Please see the Primer/Premise thread --> HERE <-- for context and links to other related topics.*

As a sister-post to the other "Which "side(s)" will win? (Don't be so sure...)", this post serves to discuss the possibility of no winner, or a result where the side that outlasts the rest has no real plan.

We know the final result of an Antifa/BLM victory. They are socialistic/Marxist, and make no bones about wanting to transform the USA into the USSA. One side will kill off the other side to achieve what they consider "Utopia", and it's anyone's guess who wins that skirmish. Rest assured, it will happen, as the ones who want hippy communes are not going to agree with the more "iron curtainy" types. I'll leave them to sort out their idiocy. They can't see the end result of their respective paths. Why would I expect them to see the ignorance in joining forces?
Whatever... If either wins, the US looks nothing like it does today. New government, new economy, new bread lines, and new "family re-education camps".

"Constitutionalists" would seek to restore a government that more closely resembled the original constitution. Massive government force reduction. Massive rollback of legislation and regulation. Massive cutting of governmental powers. I can live with this result. Of the options I foresee, I'd prefer it.

But what about the others?
What about those Rogue Entities (gangs/mafia/militias/etc) that thrive on criminality. If they banded together to any degree, they would be a formidable opponent.
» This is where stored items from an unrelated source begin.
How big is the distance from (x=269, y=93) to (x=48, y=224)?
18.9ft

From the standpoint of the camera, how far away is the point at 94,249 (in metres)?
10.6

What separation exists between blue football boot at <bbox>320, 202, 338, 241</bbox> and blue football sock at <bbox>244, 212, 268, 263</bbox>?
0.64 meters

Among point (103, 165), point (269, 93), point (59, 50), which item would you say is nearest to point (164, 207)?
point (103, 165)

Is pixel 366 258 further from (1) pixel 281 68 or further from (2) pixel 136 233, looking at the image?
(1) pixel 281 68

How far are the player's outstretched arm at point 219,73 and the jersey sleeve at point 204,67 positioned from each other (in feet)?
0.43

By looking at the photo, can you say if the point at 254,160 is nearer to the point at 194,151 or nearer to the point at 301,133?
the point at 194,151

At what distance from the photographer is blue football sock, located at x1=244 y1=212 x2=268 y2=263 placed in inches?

An opponent that wouldn't want structure or order, or at least wouldn't agree on the kind to implement. They enjoy the chaos of dictatorial rule and the whimsy of no consequences. I'm not sure I could exist in such a world. Not because I simply couldn't survive it, but because I couldn't stomach it.

Then there's the Foreign Invaders. Sections of our country could be divided and parted off like a scrapyard sale. We could see a day when the United States no longer exists on a map. You'd still live "somewhere", but where would that be? Would it be worth living in? You could become a stranger in your own state.

Do we even know if victory can be claimed?


----------



## Prepared One (Nov 5, 2014)

I see our foreign enemies as the winners in any conflict here in the states, and you can be sure they will do all they can to see to it that chaos reigns. Don't think Russia, China, Pick anyone in the middle east, NK, and the terrorists won't fall all over themselves to keep the pot boiling. While we are shooting each other in the feet there is power and money to be had.

In short. It's going to be a clusterf--k of wannabes and and foreign state sponsored hell.


----------



## Robie (Jun 2, 2016)

This is just rambling talk...with no merit...just thinking out loud.

As far as what country has the most to gain from our unrest, I believe it to be China. They depend on our population almost to the point of their very existence.

We have opened the door to them controlling much of out interests years ago. They not only have a foot in the door but that door is halfway opened.

They don't need to kill us as they need us. They need our money and in this case it's not a matter of attacking Ft. Knox. (Why would you raid an empty building?)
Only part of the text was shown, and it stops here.